P/E Compression in China A-Shares: The Signal That Fires Constantly
We ran the P/E compression screen on Shenzhen (SHZ) and Shanghai (SHH) A-shares from 2000 to 2025. The strategy found qualifying stocks every single year, zero cash periods across 25 years, averaging 23.9 stocks annually. -0.68% CAGR. A $10,000 investment lost $1,560 in nominal terms over 25 years, while SPY returned 530.7%. The signal fires on China A-shares with mechanical reliability. It just doesn't predict returns.
Contents
- Method
- The Strategy
- Screen
- Results
- When It Worked (Briefly)
- Why It Fails
- Full Annual Returns
- Limitations
- Run It Yourself
- Part of a Series
Method
- Data source: Ceta Research (FMP financial data warehouse)
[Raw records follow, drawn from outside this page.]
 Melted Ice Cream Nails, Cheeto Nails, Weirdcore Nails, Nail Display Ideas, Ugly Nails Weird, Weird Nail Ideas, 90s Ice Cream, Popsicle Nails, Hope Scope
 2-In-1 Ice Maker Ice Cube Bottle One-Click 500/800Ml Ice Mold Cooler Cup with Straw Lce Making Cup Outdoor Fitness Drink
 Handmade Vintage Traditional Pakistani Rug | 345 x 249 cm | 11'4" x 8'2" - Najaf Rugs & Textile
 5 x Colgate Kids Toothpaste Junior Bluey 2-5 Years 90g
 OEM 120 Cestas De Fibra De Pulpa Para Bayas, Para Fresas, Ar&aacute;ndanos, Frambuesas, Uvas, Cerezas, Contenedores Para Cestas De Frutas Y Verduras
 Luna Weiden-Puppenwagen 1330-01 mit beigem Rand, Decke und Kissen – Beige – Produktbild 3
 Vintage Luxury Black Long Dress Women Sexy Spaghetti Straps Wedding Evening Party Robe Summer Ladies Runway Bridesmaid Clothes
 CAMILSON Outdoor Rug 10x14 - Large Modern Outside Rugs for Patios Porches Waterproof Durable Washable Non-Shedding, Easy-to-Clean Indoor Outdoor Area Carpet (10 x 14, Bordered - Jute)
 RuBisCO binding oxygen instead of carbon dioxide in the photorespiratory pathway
- Universe: SHZ (Shenzhen) + SHH (Shanghai) A-shares, market cap > exchange-specific threshold
- Period: 2000-2025 (25 annual rebalance periods)
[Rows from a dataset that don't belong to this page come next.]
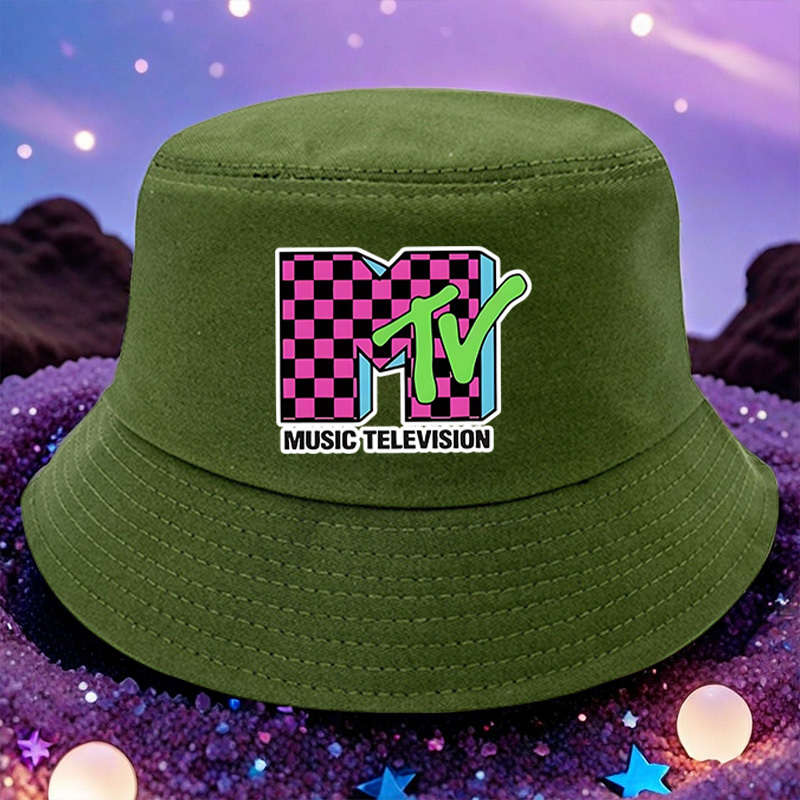 1pc MTV Logo Print Bucket Hat Vibrant Yellow Lightweight Polyester Machine Washable Ideal for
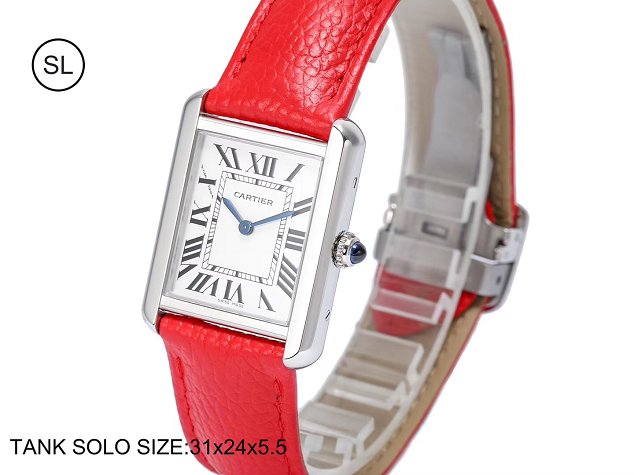 Cartier tank quartz watch small togo leather WSTA0030 red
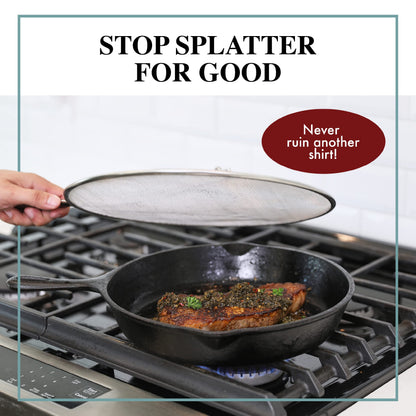 Splatter Screen for Frying Pan - 13 Inch Stainless Steel Grease Splatter Guard - Cover Oil Splash When Sizzling Bacon, Cooking Fried Chicken or Popcorn - Available at All In One Marketplace Canada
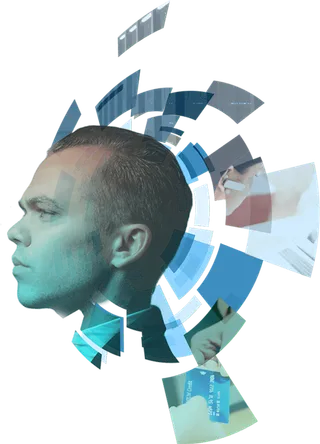 科技人物蓝色碎片科技kv主视觉素材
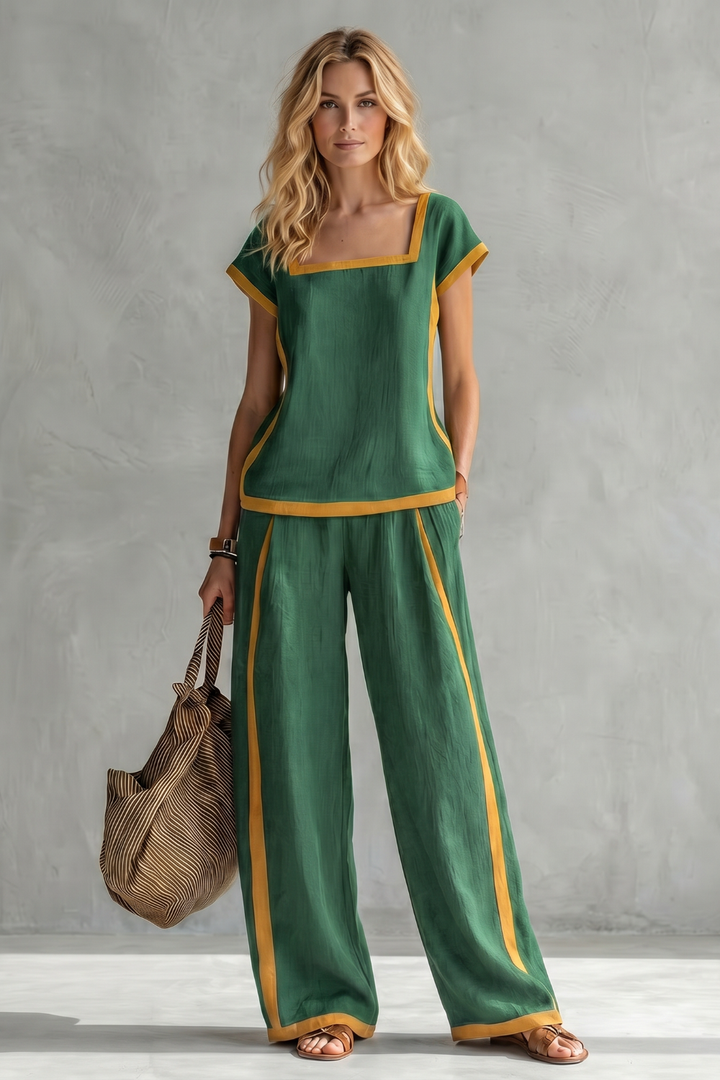 Women's Linen Square Neck Top and Trouser Co-ord Set - Cassielle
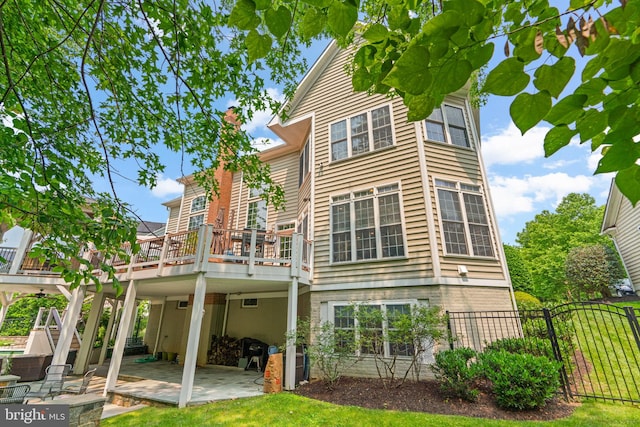 505 Sherwood Mills Ct, Sandy Spring, MD 20860 - back of house with a wooden deck, a patio area, and stairs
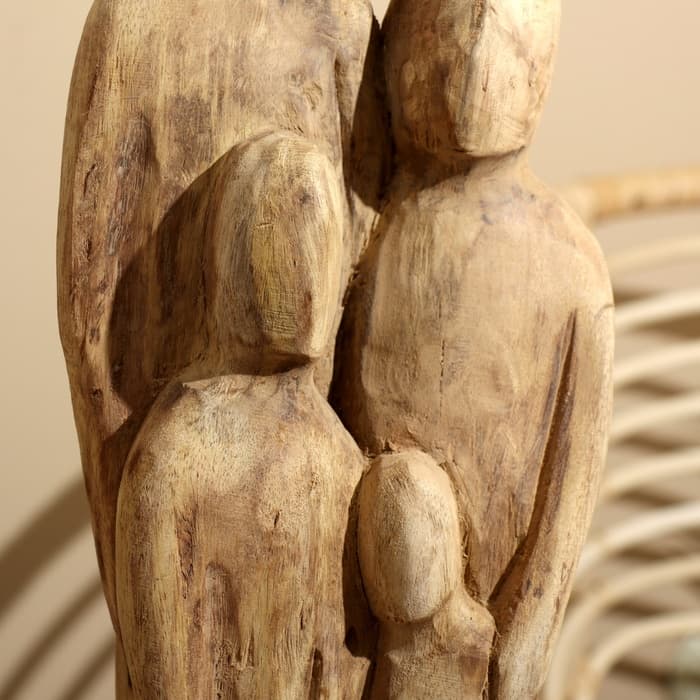 Абстракция «Семья», 15.5×7×41.5 см, манговое дерево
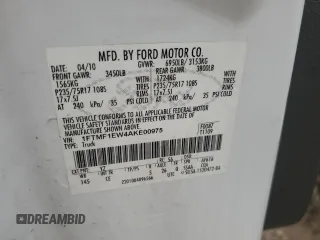 2010 Ford F-150 XL with VIN 1FTMF1EW4AKE00975, listed as a Copart auction lot 86004554 with 290,849 mi miles and Non Repairable. Bid and sale history available at DreamBid. Image 12.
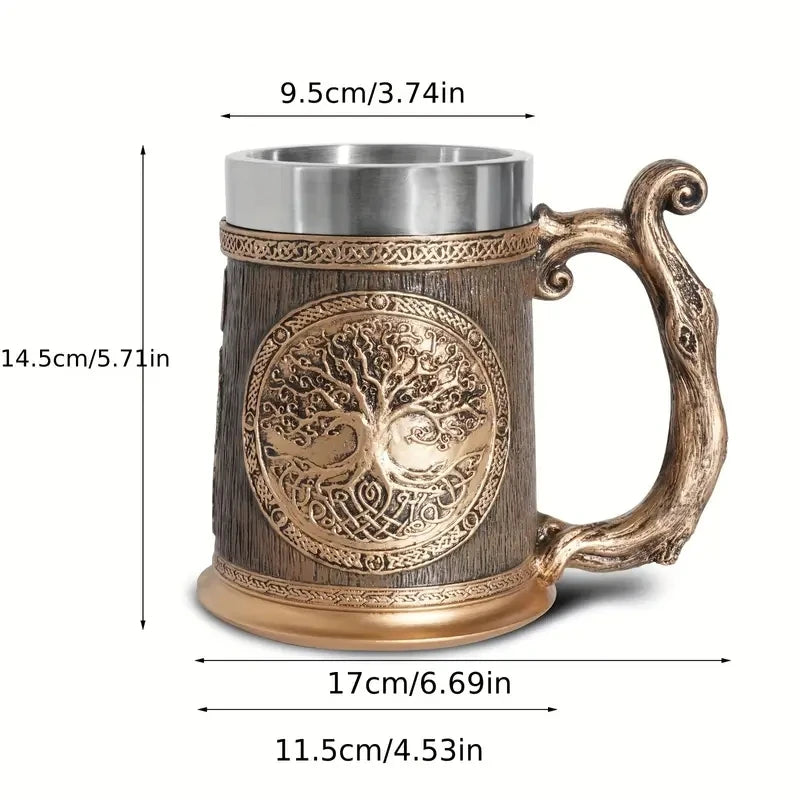 Tree of Life Mug Coffee Tea Beer Cup, Nordic symbols Yggdrasil - fjornval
- Rebalancing: Annual (January), equal weight top 30 by compression score
- Benchmark: S&P 500 Total Return (SPY)
- Currency note: Returns in CNY. Benchmark is USD. Currency effects apply.
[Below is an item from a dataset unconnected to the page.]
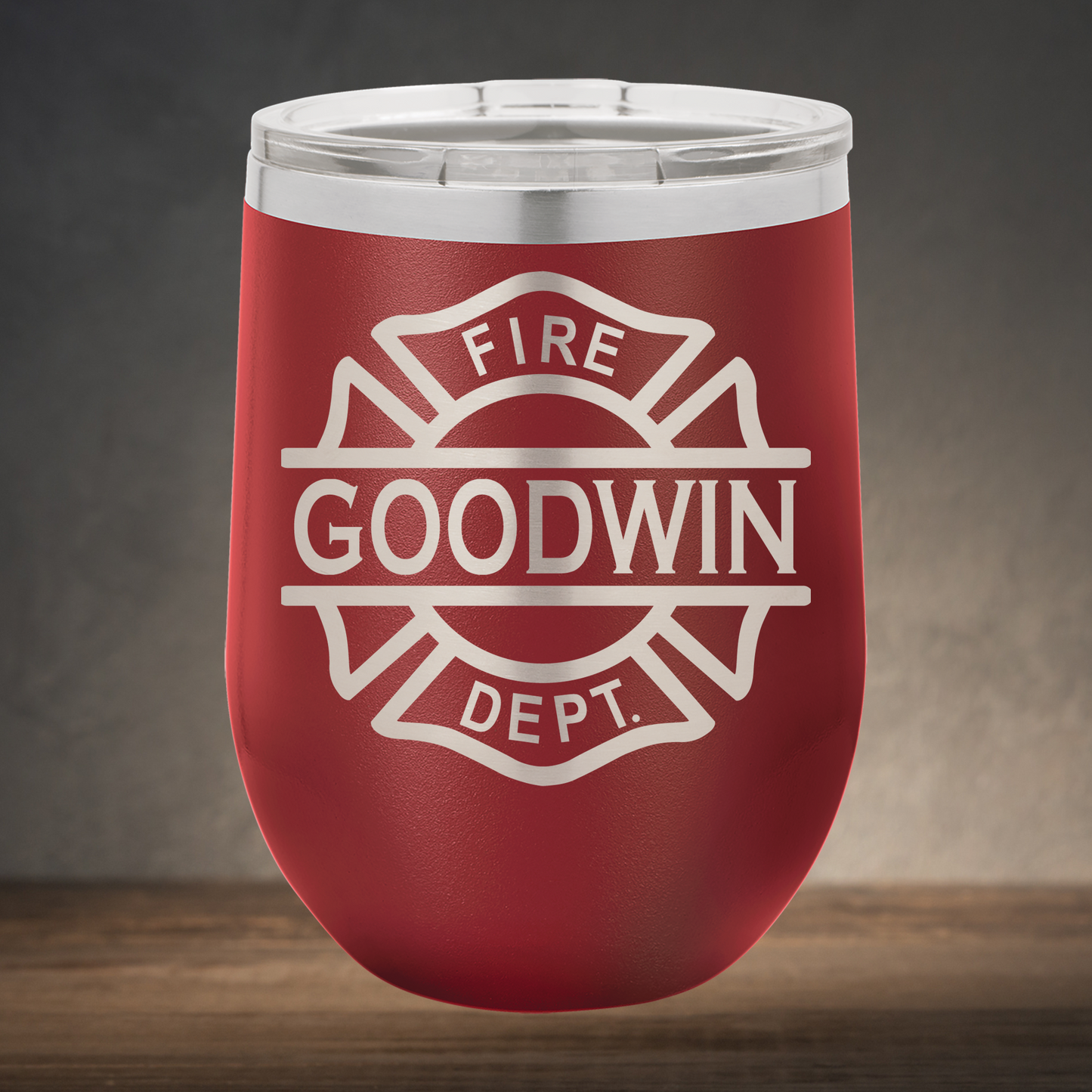 Personalized Firefighter Monogram Wine Tumbler - Laser Engraved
- Cash rule: Hold cash if fewer than 10 stocks qualify (never triggered)
Historical financial data with 45-day lag to prevent look-ahead bias. Full methodology: backtests/METHODOLOGY.md
The Strategy
P/E compression is the inverse of multiple expansion. A stock whose P/E has contracted 15%+ below its own historical average looks cheap relative to itself, not cheap in absolute terms, but cheap relative to what the market was willing to pay for this company's earnings across multiple business cycles.
The filters:
| Criterion | Metric | Threshold | Why |
|---|---|---|---|
| Valuation compression | Current P/E / 5yr avg P/E | < 0.85 | 15%+ below own history |
| Real earnings | P/E | > 5 | Positive earnings, not distressed |
| Not speculative | P/E | < 40 | Excludes story stocks |
| Profitability | Return on equity | > 10% | Business still earns decent returns |
| Leverage | Debt-to-equity | < 2.0 | Not over-leveraged |
| Liquidity | Market cap | > exchange threshold | Investable |
| History | Prior P/E data | 3+ years | Enough to compute meaningful average |
Ranking: Top 30 by most compressed (lowest current/average ratio), equal weight.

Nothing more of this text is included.